— Mais puisque je te dis que ce n'est pas la première fois que l'on se voit !
Je t'ai vu tous les jours, hier et avant-hier et encore avant !
— C'est bon, ça ira, j'ai plus envie d'en parler.
Si tu le dis, c'est que c'est vrai.
Un domestique (?) de Shion était venu avec une grosse voiture pour nous récupérer.
J'avais refusé de monter, par politesse, mais Shion m'avait poussé sur la banquette arrière, fourguant mon vélo dans le coffre par la même occasion.
La voiture, une berline assez luxueuse, se trouvait sur la petite route qui menait à Hinamizawa.
Shion m'avait l'air encore plus douée que Mion, car quelle que fût la question, elle arrivait toujours à s'en sortir.
— En tout cas, vous êtes vraiment pareilles.
Si tu t'attaches les cheveux en arrière, on ne peut plus vous différencier toutes les deux, je parie ?
— Ah, qui sait ?
Je pourrais essayer, et je pense que c'est ce qu'il se passerait.

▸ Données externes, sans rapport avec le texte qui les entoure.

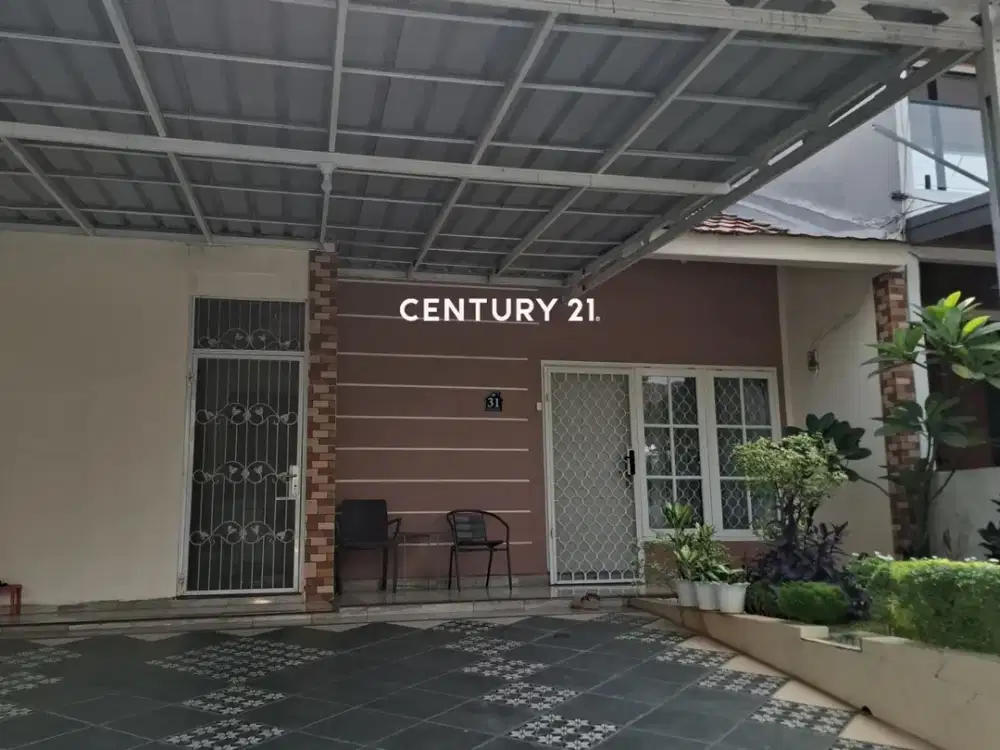 RUMAH BAGUS 2 LANTAI SIAP HUNI DI LIPPO CIKARANG HARGA BISA NEGO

Nous sommes de vraies jumelles monozygotes.
Quand nous étions plus petites, on s'échangeait nos habits, et personne n'arrivait à faire la différence.
On s'amusait à tous les tourner en bourrique à l'époque, on a essayé des tas de choses !
L'homme d'âge mûr qui servait de chauffeur, entièrement habillé de noir comme un vrai majordome, poussa un long soupir.
— Eh ben Kassai,
ça veut dire quoi ce soupir ?
— Veuillez m'excuser, mademoiselle.
Je me disais simplement que vous n'aviez pas vraiment changé depuis cette époque.
En regardant son visage grâce au rétroviseur intérieur, je pus y lire toute la fatigue accumulée lors de toutes ses années de service.
— Mais dis-voir, c'est bien par là, pour aller chez toi ?
Kassai ne connaît pas trop les chemins de Hinamizawa, à part celui entre nos deux maisons.
Si tu le laisses conduire en silence, il est capable de rouler jusqu'à Yago'uchi.
— Quoi, eh non, déconne pas !
Excusez-moi, vous pouvez me laisser à l'entrée du petit chemin qui mène à droite, là-bas ?
Ce sera largement suffisant.
Il arrêta la voiture exactement à l'endroit demandé.
Le fameux “Kassai” sortit mon vélo et me le tendit.
— Ah, merci beaucoup.
Je m'excuse de vous avoir fait rouler tout ce chemin, c'est gentil à vous.
— Vous vous appelez Keiichi,
si j'ai bien compris ?
— Hein ? Oui, effectivement, pourquoi ?
— ... Je pense qu'elle vous en fera voir de toutes les couleurs, mais ne vous inquiétez pas, elle finira par s'en lasser. Ayez un peu de patience avec elle, c'est tout.
Il poussa à nouveau un profond soupir.
J'étais prêt à parier qu'il en avait vues, des vertes et des pas mûres, depuis qu'il était au service des Sonozaki...
— Mais vous savez, elle est très gentille au fond, comme mademoiselle Mion.
— Quoi, vous voulez dire qu'elle est aussi chiante que sa sœur ? Vous n'êtes pas sérieux ?
Avec un sourire poli parfaitement figé et de grosses gouttes de sueur sur le front, l'homme resta parfaitement coi.
Roh purée, c'est juste une blague, quoi !
— Allez, salut Kei ! À la prochaine.
Passe le bonjour à ma sœur de ma part.
J'ai presqu'envie de m'inscrire à l'école de Hinamizawa, tiens...
— Nan, vas-y, déconne pas.
Si tu te pointes chez nous, je cherche même pas à comprendre, je me fais transférer dans celle d'Okinomiya.
— Oh le salaud, c'est super méchant ce que tu dis, là, Kei !
Il y eut un coup de klaxon, très court.
Le chauffeur me fit un petit signe de la main.
La voiture repartit de plus belle sur le chemin obscur, laissant un nuage de poussière derrière elle.
Franchement, la journée avait été terrible.
Dans un éclair, j'eus le souvenir vivace du regard vide qu'avait eu Mion lorsqu'elle nous avait vus ensemble. On aurait dit un animal mort debout, comme foudroyé par l'aiguille empoisonnée d'une sarbacane… J'eus beaucoup de mal à l'oublier.